Arriva la stagione estiva e a Torre Guaceto si registra una recrudescenza dell’abbandono di rifiuti e di comportamenti che espongono la riserva al rischio incendio. Squadre di carabinieri forestali e guardie ecologiche controllano la zona, il personale Arif svolge attività di pronto intervento in caso di roghi. Il Consorzio: “Chi viola il Regolamento dell’area protetta, rischia molto”.
Si susseguono le segnalazioni della presenza di ammassi abusivi di rifiuti avanzate dal Consorzio di Gestione di Torre Guaceto alle Autorità preposte. Il personale addetto al monitoraggio nell’area protetta sta rilevando una crescita del fenomeno che crea un forte impatto sugli ambienti naturali e aumenta il pericolo incendi.

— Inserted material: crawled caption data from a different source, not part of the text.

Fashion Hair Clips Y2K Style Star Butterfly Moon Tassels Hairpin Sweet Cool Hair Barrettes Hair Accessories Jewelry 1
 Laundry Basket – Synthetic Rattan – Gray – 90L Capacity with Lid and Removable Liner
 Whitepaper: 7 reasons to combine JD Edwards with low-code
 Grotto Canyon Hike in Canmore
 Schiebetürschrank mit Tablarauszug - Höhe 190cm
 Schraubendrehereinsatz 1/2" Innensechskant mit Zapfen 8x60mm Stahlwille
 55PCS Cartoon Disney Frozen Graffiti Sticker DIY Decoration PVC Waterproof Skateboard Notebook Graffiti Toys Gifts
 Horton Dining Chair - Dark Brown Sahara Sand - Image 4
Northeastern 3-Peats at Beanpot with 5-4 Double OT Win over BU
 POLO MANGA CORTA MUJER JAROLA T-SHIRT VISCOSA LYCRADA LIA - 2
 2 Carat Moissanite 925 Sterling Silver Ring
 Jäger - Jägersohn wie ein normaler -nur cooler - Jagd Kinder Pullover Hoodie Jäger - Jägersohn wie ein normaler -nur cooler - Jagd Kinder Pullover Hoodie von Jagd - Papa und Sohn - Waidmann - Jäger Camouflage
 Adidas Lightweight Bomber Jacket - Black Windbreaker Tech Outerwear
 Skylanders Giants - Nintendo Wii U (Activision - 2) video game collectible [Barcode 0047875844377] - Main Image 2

Per tenere l’area protetta al riparo da comportamenti nocivi e reati, già da tempo, il Consorzio ha sottoscritto una convenzione con il reparto carabinieri biodiversità di Martina Franca per l’aumento del controllo sulla riserva, con l’Agenzia Regionale per le Attività Irrigue e Forestali per la sorveglianza antincendio ed il pronto intervento, e istituito il Corpo delle Guardie Ecologiche Volontarie per la repressione dei reati amministrativi.
Ora i tre gruppi, militari-civili, stanno portando avanti l’azione di monitoraggio della riserva con straordinaria intensità, gli uomini dell’Arma hanno predisposto anche l’impiego di pattuglie a cavallo. Mentre il gruppo GEV ha appena concluso la formazione per l’utilizzo di “SMART Mobile for Conservation”, l’app sviluppata dal WWF Italia e utilizzata dai ricercatori sul campo per il monitoraggio delle specie, e che in riserva le guardie stanno già impiegando per raccogliere i dati inerenti le attività illecite in vista di una mappatura dettagliata con conseguente attività di prevenzione mirata.
Ma l’azione di sensibilizzazione, prevenzione e contrasto degli illeciti non basta a tenere Torre Guaceto al riparo da comportamenti che ne ledono lo stato di salute e la minacciano.
“Chi intende abbandonare rifiuti nell’area protetta, zona agricola compresa – ha dichiarato il presidente del Consorzio di Gestione di Torre Guaceto, Stefano Convertini -, deve ricordare che sta commettendo un reato penale andando incontro alle conseguenze del caso. Lo stesso dicasi per chiunque abbia il proposito di violare il Regolamento della riserva in qualche modo. Noi stiamo facendo il massimo per tutelare Torre Guaceto, chiediamo ai cittadini di aiutarci assumendo un comportamento idoneo e facendosi portatori dei valori dell’area protetta presso conoscenti e turisti”.